***** Input for this task
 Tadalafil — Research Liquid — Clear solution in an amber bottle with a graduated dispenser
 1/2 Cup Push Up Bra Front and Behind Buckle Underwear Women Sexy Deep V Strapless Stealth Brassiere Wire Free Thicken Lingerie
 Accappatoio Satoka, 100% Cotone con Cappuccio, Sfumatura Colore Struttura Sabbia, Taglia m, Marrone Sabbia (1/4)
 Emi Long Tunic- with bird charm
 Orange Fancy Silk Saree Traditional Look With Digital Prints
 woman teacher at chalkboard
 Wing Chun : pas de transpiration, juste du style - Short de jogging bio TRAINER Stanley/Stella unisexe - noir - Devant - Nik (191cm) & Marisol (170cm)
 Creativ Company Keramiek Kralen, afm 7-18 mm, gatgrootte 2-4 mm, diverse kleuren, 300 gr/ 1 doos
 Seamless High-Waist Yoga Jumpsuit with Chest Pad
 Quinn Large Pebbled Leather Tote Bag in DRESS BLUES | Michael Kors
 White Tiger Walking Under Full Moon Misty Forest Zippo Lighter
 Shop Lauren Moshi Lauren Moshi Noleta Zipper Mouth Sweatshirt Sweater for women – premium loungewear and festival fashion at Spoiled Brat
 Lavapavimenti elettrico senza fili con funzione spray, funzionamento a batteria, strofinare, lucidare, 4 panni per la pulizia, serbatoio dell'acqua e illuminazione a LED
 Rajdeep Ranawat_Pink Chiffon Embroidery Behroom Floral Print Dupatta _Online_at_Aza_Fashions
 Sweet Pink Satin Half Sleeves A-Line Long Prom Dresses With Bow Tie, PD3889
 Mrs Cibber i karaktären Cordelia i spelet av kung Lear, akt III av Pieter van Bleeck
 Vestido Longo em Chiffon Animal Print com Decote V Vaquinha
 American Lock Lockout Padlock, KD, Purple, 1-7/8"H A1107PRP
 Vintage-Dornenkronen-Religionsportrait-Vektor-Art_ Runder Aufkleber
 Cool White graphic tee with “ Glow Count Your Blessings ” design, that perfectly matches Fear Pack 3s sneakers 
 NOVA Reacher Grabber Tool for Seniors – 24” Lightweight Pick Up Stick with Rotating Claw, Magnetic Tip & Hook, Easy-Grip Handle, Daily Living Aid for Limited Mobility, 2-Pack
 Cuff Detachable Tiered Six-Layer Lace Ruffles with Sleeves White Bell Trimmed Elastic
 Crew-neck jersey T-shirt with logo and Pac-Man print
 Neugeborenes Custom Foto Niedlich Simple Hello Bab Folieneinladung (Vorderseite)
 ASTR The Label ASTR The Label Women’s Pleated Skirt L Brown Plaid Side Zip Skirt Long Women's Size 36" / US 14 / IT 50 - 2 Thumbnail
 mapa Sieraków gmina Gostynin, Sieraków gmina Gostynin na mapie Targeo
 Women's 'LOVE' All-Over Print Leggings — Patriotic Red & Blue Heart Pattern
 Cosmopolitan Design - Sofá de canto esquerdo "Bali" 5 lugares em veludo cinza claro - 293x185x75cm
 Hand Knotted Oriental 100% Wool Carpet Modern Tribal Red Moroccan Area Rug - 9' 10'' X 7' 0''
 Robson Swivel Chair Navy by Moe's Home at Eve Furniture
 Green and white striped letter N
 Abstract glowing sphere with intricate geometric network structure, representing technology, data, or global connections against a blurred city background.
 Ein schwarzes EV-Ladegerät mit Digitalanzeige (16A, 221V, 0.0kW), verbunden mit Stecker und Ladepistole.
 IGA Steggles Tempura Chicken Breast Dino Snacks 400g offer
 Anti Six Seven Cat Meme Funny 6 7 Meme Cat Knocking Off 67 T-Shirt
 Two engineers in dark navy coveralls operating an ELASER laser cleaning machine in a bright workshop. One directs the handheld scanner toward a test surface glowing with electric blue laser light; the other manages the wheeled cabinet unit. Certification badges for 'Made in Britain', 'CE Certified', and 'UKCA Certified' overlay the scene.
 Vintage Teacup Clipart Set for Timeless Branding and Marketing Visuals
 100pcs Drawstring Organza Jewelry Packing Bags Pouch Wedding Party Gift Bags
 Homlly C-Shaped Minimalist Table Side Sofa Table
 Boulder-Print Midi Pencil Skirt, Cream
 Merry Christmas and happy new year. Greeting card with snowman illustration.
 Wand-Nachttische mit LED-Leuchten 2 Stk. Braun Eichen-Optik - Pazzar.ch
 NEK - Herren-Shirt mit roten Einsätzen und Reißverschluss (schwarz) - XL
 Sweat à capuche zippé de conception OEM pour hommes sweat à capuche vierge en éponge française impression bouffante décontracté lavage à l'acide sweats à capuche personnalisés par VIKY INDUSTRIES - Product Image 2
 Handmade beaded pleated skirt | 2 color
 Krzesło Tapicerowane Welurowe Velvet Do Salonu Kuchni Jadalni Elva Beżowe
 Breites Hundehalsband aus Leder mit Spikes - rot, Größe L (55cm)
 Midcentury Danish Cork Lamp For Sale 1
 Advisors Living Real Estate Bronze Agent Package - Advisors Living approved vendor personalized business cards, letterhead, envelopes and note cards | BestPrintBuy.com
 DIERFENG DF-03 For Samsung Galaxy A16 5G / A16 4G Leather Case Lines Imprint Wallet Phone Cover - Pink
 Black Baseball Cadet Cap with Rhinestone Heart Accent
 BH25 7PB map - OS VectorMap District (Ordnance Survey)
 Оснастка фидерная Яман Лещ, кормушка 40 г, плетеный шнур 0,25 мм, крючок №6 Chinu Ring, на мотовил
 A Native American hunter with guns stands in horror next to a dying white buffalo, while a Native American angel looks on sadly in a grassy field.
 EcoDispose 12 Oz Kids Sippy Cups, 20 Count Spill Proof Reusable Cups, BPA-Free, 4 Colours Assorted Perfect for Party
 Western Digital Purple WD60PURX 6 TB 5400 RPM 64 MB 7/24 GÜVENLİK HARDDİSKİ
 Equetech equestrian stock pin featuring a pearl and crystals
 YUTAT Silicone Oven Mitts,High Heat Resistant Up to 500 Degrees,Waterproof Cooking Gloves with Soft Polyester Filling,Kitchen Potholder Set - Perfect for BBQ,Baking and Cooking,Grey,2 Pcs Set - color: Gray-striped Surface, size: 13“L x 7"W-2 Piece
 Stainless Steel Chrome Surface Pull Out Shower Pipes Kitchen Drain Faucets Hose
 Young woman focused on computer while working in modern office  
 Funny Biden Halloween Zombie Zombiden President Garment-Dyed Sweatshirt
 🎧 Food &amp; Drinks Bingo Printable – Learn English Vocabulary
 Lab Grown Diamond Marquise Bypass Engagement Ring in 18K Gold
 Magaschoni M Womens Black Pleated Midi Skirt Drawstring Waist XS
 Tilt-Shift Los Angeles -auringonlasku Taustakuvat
**********
_Requirement_: Give back exactly the lines above, from the line containing "Emi Long Tunic- with bird charm" through the line containing "Lavapavimenti elettrico senza", with both end lines and nothing more.

_Completed task_:
 Emi Long Tunic- with bird charm
 Orange Fancy Silk Saree Traditional Look With Digital Prints
 woman teacher at chalkboard
 Wing Chun : pas de transpiration, juste du style - Short de jogging bio TRAINER Stanley/Stella unisexe - noir - Devant - Nik (191cm) & Marisol (170cm)
 Creativ Company Keramiek Kralen, afm 7-18 mm, gatgrootte 2-4 mm, diverse kleuren, 300 gr/ 1 doos
 Seamless High-Waist Yoga Jumpsuit with Chest Pad
 Quinn Large Pebbled Leather Tote Bag in DRESS BLUES | Michael Kors
 White Tiger Walking Under Full Moon Misty Forest Zippo Lighter
 Shop Lauren Moshi Lauren Moshi Noleta Zipper Mouth Sweatshirt Sweater for women – premium loungewear and festival fashion at Spoiled Brat
 Lavapavimenti elettrico senza fili con funzione spray, funzionamento a batteria, strofinare, lucidare, 4 panni per la pulizia, serbatoio dell'acqua e illuminazione a LED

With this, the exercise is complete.